Files
2025-10-30 13:33:08 +01:00

389 lines
11 KiB
Bash
Executable File

#!/bin/bash
# Turmli Calendar - Raspberry Pi Monitoring Script
# Monitors the health and performance of the deployed application
set -e
# Configuration
SERVICE_NAME="turmli-calendar"
APP_PORT="8000"
LOG_FILE="/var/log/turmli-calendar/monitor.log"
ALERT_THRESHOLD_MEM=200 # MB
ALERT_THRESHOLD_CPU=80 # Percentage
# Colors
RED='\033[0;31m'
GREEN='\033[0;32m'
YELLOW='\033[1;33m'
BLUE='\033[0;34m'
CYAN='\033[0;36m'
NC='\033[0m'
# Helper functions
print_header() {
echo -e "${CYAN}════════════════════════════════════════════════${NC}"

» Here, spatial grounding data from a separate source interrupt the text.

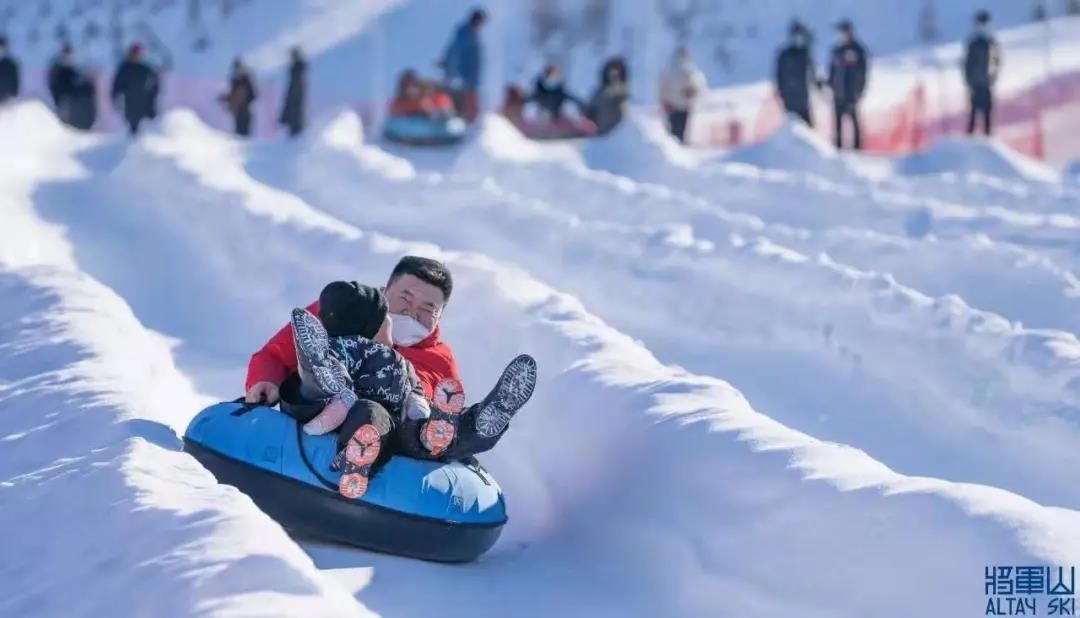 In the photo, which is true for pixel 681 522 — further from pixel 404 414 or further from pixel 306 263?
pixel 306 263

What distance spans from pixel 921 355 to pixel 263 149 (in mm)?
10472

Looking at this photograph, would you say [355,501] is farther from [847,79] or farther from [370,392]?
[847,79]

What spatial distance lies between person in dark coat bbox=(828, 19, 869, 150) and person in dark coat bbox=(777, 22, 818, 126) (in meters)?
0.48

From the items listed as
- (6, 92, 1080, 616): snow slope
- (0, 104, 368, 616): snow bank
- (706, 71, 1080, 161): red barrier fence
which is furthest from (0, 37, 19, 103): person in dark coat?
(0, 104, 368, 616): snow bank

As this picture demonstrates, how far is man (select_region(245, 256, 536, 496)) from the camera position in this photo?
515cm

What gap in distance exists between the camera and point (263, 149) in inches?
686

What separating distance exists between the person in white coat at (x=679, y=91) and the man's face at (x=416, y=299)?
519 inches

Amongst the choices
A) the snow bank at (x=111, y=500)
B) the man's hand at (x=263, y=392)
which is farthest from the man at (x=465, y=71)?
the man's hand at (x=263, y=392)

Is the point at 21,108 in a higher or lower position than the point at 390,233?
higher

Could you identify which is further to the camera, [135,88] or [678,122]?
[135,88]

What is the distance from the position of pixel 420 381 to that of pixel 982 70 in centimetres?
1373

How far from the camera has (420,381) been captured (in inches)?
213

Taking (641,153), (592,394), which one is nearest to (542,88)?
(641,153)

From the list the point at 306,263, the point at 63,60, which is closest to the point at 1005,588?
the point at 306,263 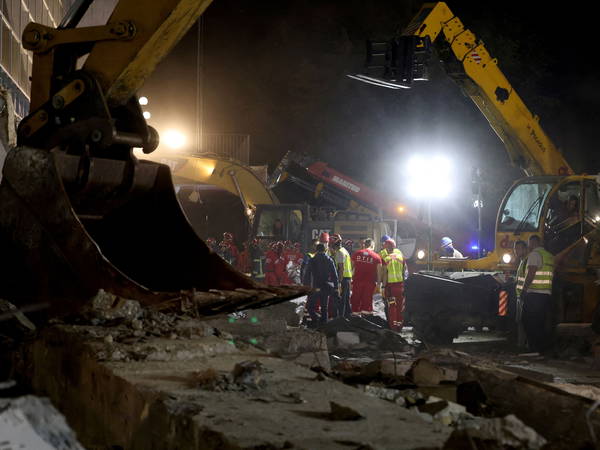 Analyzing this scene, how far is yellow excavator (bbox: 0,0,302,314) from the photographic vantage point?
532 cm

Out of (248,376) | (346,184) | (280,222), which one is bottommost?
(248,376)

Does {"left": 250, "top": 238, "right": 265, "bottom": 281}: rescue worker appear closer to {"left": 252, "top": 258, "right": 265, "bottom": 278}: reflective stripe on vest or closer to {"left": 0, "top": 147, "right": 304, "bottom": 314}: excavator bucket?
{"left": 252, "top": 258, "right": 265, "bottom": 278}: reflective stripe on vest

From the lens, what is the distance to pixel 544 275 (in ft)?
37.9

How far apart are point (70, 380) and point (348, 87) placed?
3353 centimetres

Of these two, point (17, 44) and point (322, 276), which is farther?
point (17, 44)

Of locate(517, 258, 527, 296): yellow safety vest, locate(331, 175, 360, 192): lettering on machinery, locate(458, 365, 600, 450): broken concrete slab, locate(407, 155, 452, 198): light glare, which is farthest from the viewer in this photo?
locate(331, 175, 360, 192): lettering on machinery

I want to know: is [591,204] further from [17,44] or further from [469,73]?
[17,44]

echo -e "${CYAN} Turmli Calendar - System Monitor${NC}"
echo -e "${CYAN} $(date '+%Y-%m-%d %H:%M:%S')${NC}"
echo -e "${CYAN}════════════════════════════════════════════════${NC}"
echo
}
print_section() {
echo -e "${BLUE}━━━ $1 ━━━${NC}"
}
print_ok() {
echo -e "${GREEN}${NC} $1"
}
print_warning() {
echo -e "${YELLOW}${NC} $1"
}
print_error() {
echo -e "${RED}${NC} $1"
}
# System information
show_system_info() {
print_section "System Information"
# Hostname and OS
echo "Hostname: $(hostname)"
echo "OS: $(cat /etc/os-release | grep PRETTY_NAME | cut -d'"' -f2)"
echo "Kernel: $(uname -r)"
echo "Uptime: $(uptime -p)"
# CPU info
echo "CPU: $(cat /proc/cpuinfo | grep 'model name' | head -1 | cut -d':' -f2 | xargs)"
echo "Cores: $(nproc)"
# Temperature
if command -v vcgencmd &> /dev/null; then
local temp=$(vcgencmd measure_temp | cut -d'=' -f2)
echo "Temperature: $temp"
# Check throttling
local throttled=$(vcgencmd get_throttled | cut -d'=' -f2)
if [ "$throttled" != "0x0" ]; then
print_warning "CPU throttling detected: $throttled"
fi
fi
echo
}
# Service status
check_service_status() {
print_section "Service Status"
if systemctl is-active --quiet ${SERVICE_NAME}; then
print_ok "Service is running"
# Get PID and uptime
local pid=$(systemctl show ${SERVICE_NAME} -p MainPID --value)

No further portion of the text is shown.